As of August 2019, Cerebras started running the first customer workloads on the WSE. They didn't release any performance specifications except to say they expected the chip to pull 14-15 kilowatts.
Cerebras received $200 million in funding from Benchmark, Foundation Capital, Eclipse, Coatue, VY Capital, Altimeter, and angel investors Fred Weber, Ilya Sutskever, Sam Altman, Andy Bechtolshelm, Greg Brockman, Adam D'Angelo, Mark Leslie, Nick Mckeown, David "Dadi" Perlmutter, Salyed Atiq Raza, Jeff Rothschild, Pradeep Sindhu, and Lip-Bu Tan.
Previous to Cerebras's chip, chip manufacturers were reluctant to build chips this large. When manufacturing chips, often the silicon has imperfections which are turned into lower-grade chips or tossed out. Cerebras seeks to work around this process with redundant circuits to work around defects.
Cerebras uses TSMC's 16nm node and a 300mm wafer out of which they cut the largest square. From that, they make their 400,000 sparse linear algebra cores (SLA cores) which are designed for AI deep learning workload. The 18 gbs of SRAM becomes an aggregate 9 petabytes per second of memory workload.
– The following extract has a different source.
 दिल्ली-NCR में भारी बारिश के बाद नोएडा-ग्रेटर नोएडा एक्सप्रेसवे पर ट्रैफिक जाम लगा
Cerebras, with TSMC, developed a technique of laying thousands of links across scribe lines. This results in a chip which doesn't behave like 84 processing tiles but instead like 400,000 cores. The built in redundancy of this technique means Cerebras might reach 100% yield in their manufacturing process.
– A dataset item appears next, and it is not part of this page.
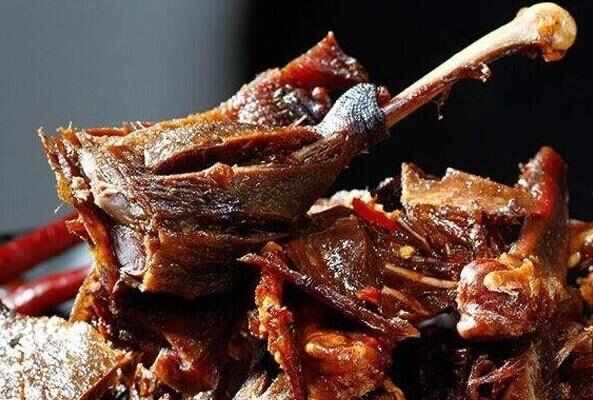 湖南8大经典名菜:龙脂猪血入榜,长沙臭豆腐夺冠-图5 湖南8大经典名菜:龙脂猪血入榜,长沙臭豆腐夺冠-图5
There were also the issues of thermal expansion on a chip this large, connectivity and cooling. Cerebras developed a new connector to deliver power through the chips PCB rather than across. To cool the chip, and stop any thermal throttling or thermal expansion which could crack the chip, they developed a water-cooling solution which punches water onto a copper cold-plate with a micro-fin array to pull heat off the chip. The hot water is then air-cooled in a radiator.